Do you have any suggestions about how we could have a reliable process for doing a container UID remap where lxd could be killed at any point in the process?

I am currently seeing that if lxd is stopped during the uid remap process which happens during StartContainer, then when the container is subsequently started again, the uids/gids can become corrupted.

My current thoughts are to have a process such as:
1/ look for ‘temp’ copy and delete it
2/ copy ‘container’ to ‘temp’
3/ uid remap ‘temp’ (call StartContainer)
4/ delete ‘container’
5/ rename ‘temp’ to ‘container’

If lxd is stopped at any point in steps 1, 2, or 3, then the process will safely recover the next time it starts.

I think this approach would still fail if lxd is stopped during step 3 or 4, however these should be very fast steps.

I have tried the approach:
1/ look for ‘temp’ snapshot and restore ‘container’ from it if it exists
2/ create ‘temp’ snapshot
3/ uid remap ‘container’ (call StartContainer)
4/ delete ‘temp’ snapshot

I found that if it was stopped during step 1, it would not recover.
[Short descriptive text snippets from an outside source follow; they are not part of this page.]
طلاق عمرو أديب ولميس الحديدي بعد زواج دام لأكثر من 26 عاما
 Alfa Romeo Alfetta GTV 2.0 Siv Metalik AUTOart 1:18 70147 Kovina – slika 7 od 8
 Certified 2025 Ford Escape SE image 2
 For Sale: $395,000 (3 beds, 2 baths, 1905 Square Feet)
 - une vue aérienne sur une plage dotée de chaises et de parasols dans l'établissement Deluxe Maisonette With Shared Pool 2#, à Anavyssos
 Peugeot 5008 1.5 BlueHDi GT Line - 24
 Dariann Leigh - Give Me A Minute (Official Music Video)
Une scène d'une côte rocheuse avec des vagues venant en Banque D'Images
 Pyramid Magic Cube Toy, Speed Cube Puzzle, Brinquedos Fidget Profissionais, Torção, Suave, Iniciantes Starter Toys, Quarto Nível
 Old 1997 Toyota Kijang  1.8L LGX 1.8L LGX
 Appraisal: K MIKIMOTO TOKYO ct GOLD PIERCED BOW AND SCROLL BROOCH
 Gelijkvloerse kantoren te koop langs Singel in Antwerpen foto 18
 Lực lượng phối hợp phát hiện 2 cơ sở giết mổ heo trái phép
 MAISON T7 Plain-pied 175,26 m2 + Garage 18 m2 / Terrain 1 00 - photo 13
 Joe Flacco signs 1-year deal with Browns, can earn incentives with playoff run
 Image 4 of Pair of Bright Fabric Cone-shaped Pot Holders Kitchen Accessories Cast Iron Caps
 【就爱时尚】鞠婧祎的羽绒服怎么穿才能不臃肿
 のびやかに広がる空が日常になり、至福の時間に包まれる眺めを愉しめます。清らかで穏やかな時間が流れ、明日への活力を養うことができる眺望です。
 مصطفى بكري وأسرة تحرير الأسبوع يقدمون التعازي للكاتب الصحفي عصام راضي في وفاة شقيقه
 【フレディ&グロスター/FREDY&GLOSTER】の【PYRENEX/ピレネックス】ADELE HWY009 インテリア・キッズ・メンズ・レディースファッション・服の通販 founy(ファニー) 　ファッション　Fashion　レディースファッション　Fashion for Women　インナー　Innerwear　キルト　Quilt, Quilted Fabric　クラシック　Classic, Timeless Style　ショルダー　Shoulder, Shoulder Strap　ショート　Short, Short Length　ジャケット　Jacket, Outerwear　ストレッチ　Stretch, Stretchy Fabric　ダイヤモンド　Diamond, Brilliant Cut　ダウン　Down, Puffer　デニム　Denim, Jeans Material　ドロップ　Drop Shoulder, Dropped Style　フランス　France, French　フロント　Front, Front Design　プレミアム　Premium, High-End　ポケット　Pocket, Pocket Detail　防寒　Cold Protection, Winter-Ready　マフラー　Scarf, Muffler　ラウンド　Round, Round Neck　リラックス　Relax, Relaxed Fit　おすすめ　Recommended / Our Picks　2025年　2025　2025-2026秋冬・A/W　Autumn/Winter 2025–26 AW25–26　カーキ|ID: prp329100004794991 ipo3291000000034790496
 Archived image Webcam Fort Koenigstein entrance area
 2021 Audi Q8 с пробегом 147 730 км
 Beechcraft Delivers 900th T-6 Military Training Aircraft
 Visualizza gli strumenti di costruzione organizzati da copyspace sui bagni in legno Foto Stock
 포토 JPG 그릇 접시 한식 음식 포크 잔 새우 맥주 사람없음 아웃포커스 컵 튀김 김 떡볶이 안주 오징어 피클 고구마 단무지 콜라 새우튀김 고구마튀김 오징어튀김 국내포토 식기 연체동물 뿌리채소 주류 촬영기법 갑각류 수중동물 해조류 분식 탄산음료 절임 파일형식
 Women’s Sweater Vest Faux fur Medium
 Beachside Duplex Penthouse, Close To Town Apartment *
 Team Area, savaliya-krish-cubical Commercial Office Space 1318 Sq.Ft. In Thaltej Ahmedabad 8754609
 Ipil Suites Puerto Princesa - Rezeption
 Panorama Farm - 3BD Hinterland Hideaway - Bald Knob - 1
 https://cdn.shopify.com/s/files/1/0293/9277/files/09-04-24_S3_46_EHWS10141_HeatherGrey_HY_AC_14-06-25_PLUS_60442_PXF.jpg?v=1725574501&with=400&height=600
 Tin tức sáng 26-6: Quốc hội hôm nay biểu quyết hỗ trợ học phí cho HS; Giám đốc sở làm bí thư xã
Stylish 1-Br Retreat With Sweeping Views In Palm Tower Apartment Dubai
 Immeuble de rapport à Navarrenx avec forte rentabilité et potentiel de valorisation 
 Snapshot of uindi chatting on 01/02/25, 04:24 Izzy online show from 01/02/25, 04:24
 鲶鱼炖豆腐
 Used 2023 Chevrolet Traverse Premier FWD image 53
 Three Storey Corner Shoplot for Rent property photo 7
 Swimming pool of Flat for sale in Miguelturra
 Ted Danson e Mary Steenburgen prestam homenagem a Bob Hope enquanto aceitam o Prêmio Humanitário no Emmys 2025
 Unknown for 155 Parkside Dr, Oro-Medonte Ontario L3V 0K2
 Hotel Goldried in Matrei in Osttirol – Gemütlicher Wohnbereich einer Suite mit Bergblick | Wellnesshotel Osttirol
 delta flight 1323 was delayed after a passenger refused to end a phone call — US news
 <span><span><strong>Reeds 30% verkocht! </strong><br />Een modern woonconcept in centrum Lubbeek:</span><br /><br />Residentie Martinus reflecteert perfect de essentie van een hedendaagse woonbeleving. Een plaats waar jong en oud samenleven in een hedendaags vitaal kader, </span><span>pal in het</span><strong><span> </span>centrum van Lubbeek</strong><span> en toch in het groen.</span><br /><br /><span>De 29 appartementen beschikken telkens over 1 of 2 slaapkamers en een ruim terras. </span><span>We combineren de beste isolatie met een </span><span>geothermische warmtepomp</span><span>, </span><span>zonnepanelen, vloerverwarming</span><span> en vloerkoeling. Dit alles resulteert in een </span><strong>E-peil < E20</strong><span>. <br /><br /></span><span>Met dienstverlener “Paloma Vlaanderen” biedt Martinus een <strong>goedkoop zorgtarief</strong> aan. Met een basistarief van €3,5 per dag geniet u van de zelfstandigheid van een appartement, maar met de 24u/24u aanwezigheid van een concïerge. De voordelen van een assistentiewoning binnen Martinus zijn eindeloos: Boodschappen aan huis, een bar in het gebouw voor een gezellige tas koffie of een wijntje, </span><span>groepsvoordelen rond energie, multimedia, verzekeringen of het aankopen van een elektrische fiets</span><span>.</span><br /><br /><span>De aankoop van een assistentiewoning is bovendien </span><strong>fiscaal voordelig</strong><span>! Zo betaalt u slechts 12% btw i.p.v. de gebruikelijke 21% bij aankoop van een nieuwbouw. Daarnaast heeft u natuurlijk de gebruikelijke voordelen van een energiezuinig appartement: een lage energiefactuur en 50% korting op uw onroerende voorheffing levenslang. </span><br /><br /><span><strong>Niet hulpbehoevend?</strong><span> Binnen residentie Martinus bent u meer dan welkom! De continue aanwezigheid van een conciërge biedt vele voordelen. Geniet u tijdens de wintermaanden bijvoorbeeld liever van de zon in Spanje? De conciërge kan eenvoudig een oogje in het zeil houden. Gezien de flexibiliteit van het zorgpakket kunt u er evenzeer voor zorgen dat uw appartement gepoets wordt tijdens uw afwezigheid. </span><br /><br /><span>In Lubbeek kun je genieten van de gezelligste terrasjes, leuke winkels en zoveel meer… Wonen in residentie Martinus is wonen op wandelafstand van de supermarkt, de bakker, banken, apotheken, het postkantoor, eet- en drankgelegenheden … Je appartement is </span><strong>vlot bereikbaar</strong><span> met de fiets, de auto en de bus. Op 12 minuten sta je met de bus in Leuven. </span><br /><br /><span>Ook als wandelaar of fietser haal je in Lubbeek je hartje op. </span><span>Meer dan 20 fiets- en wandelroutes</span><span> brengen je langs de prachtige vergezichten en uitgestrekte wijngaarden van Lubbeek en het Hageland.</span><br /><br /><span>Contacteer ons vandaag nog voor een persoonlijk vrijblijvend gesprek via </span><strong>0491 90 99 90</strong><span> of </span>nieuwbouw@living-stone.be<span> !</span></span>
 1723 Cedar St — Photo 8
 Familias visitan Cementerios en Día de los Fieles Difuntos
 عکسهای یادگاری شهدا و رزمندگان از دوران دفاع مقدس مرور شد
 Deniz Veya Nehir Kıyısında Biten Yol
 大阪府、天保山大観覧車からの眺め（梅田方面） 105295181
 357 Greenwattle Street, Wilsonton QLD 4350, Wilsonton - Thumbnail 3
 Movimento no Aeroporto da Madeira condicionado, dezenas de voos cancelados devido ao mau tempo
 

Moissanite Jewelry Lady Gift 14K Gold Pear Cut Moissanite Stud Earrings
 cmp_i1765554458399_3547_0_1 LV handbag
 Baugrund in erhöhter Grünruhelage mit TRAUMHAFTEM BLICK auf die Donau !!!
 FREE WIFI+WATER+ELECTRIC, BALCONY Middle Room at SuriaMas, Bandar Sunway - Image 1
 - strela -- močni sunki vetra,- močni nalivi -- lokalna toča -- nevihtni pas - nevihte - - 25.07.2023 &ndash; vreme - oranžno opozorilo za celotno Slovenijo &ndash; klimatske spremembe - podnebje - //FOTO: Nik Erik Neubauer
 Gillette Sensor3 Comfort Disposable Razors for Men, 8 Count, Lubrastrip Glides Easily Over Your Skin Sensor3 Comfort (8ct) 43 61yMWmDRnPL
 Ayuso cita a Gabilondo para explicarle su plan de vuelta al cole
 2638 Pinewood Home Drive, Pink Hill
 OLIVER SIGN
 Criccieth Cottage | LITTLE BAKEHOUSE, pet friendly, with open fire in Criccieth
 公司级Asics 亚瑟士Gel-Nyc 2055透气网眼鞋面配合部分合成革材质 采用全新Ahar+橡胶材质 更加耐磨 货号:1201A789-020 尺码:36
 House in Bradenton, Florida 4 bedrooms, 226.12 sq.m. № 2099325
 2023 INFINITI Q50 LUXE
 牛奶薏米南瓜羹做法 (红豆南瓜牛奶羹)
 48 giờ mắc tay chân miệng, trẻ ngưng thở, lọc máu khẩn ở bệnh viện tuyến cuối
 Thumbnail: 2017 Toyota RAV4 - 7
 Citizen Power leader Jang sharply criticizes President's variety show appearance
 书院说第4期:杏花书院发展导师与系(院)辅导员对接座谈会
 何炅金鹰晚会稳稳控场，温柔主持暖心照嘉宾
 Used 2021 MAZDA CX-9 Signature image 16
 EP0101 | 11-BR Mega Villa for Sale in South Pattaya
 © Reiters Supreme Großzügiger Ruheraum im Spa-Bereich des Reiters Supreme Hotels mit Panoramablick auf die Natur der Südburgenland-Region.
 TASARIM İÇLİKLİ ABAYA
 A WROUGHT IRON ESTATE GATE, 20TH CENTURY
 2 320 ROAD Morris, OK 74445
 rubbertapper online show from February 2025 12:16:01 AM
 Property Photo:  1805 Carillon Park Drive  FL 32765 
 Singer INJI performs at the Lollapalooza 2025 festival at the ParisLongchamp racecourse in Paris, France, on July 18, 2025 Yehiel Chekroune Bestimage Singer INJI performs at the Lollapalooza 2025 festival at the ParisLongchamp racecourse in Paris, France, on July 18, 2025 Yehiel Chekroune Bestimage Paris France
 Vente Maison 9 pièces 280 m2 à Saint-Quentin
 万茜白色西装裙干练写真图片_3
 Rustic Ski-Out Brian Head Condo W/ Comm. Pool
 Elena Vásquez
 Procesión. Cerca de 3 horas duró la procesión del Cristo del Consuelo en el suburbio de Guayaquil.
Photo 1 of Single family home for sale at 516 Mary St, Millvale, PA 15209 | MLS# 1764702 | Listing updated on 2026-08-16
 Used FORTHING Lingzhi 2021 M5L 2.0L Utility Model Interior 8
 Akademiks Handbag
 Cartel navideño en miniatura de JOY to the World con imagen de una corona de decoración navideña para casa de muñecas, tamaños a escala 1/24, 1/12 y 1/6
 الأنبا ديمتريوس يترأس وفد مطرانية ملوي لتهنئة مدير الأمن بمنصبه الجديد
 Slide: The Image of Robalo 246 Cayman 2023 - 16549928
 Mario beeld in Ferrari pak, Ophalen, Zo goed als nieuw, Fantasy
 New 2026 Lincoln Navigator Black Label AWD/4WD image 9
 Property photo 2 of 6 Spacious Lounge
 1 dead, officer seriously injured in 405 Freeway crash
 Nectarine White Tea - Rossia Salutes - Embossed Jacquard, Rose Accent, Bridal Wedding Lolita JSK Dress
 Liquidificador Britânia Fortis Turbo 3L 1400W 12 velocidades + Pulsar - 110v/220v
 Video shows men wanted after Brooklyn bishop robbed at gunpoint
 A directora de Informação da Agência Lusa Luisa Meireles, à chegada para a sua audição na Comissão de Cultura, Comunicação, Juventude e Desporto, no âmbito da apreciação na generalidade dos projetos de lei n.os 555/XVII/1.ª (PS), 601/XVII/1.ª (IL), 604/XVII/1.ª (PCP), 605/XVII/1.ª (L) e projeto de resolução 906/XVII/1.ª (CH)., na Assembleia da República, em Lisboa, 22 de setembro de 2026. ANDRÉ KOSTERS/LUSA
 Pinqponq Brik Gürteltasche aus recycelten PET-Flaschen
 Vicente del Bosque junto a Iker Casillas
Maybe I could extend the first suggested process to be:
1/ if ‘container’ does not exist, but ‘container.to.be.deleted’ does, then rename ‘container.to.be.deleted’ to ‘container’
2/ look for ‘temp’ copy and delete it
3/ copy ‘container’ to ‘temp’
4/ uid remap ‘temp’ (call StartContainer)
5/ rename ‘container’ to ‘container.to.be.deleted’
6/ rename ‘temp’ to ‘container’
7/ delete ‘container.to.be.deleted’

That feels a bit convoluted.

stgraber · September 9, 2019, 11:38am

That does seem rather complicated but also seems correct.
It’s unfortunate that there is no way for us to continue a remap, but depending on the maps involved, there is really no way for us to figure out what may have been shifted already…

Ultimately the solution for this is to not deal with remapping at all and use shiftfs to avoid the whole problem, then hopefully soon use a in-VFS equivalent of shiftfs so we don’t need that separate overlay at all.

I’m assuming the problems for you are that 1) you’re using LXD LTS which lacks shiftfs 2) you don’t have shiftfs in your kernel.

joelhockey · September 9, 2019, 8:46pm

Hi Stéphane,

Yes, I’m with the Chome OS crostini team and we would like to use shiftfs but we do have the restrictions you mention for now.

I’ll go with the last 7-step process.

joelhockey · September 10, 2019, 12:13pm

I have implemented some code at https://chromium-review.googlesource.com/c/chromiumos/platform/tremplin/+/1795683. Any feedback is welcome.

I have noticed that when you do a copy of a container, then new container will start with the new hostname. But when you do a rename, the container keeps the old hostname.

Is that expected?

I needed to add some code to update the hostname of the copy back to the original hostname to make things work.